LE MONDE | 23.03.06 | 13h39
a confusion régnait à l'Ecole des hautes études de sciences sociales (EHESS), jeudi 23 mars, à Paris. Occupée depuis le lundi 20 par une centaine de jeunes gens extérieurs à l'établissement, l'école du boulevard Raspail a été évacuée par sa direction, mercredi soir. "La mort dans l'âme, j'ai été contrainte de demander aux enseignants-chercheurs de quitter les locaux, car la sécurité n'était plus assurée dans l'école", a déclaré Danièle Hervieu-Léger, la présidente de l'établissement.
La vingtaine d'enseignants-chercheurs qui, depuis deux jours, avaient tenté d'établir le dialogue avec les occupants ont abandonné les locaux sous une bordée d'injures. "Ils ne veulent ni vote ni organisation du tour de parole. Ils ont imposé l'occupation, constate l'un des enseignants. Leur discours est très peu articulé. Ils lancent des slogans comme "A bas la démocratie, à bas les syndicats". Le contenu des AG (assemblées générales) est assez pathétique."
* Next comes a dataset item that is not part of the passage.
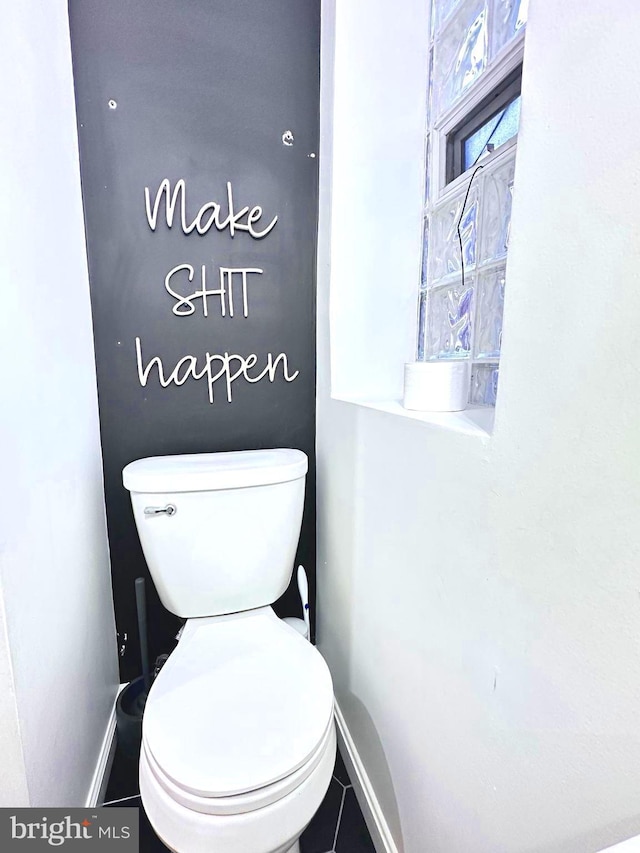 bathroom featuring tile patterned flooring and toilet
Après plusieurs tentatives de négociations infructueuses, les responsables de l'école ont fait appel à la force publique. Jeudi matin, la présidente déplorait que ses nombreuses demandes auprès du commissariat de police du 6e arrondissement et de la préfecture de police de Paris n'aient pas été entendues. "Je me suis toujours heurtée à la même réponse : nous attendons le feu vert des autorités", assure-t-elle. Elle devait déposer plainte dans la journée de jeudi.
C'est dans la nuit de mardi à mercredi que cette occupation, censée faire de l'école "un lieu ouvert pour faire plein de trucs", a commencé à dégénérer. Des dégradations de matériels et des vols d'ordinateurs ont été commis.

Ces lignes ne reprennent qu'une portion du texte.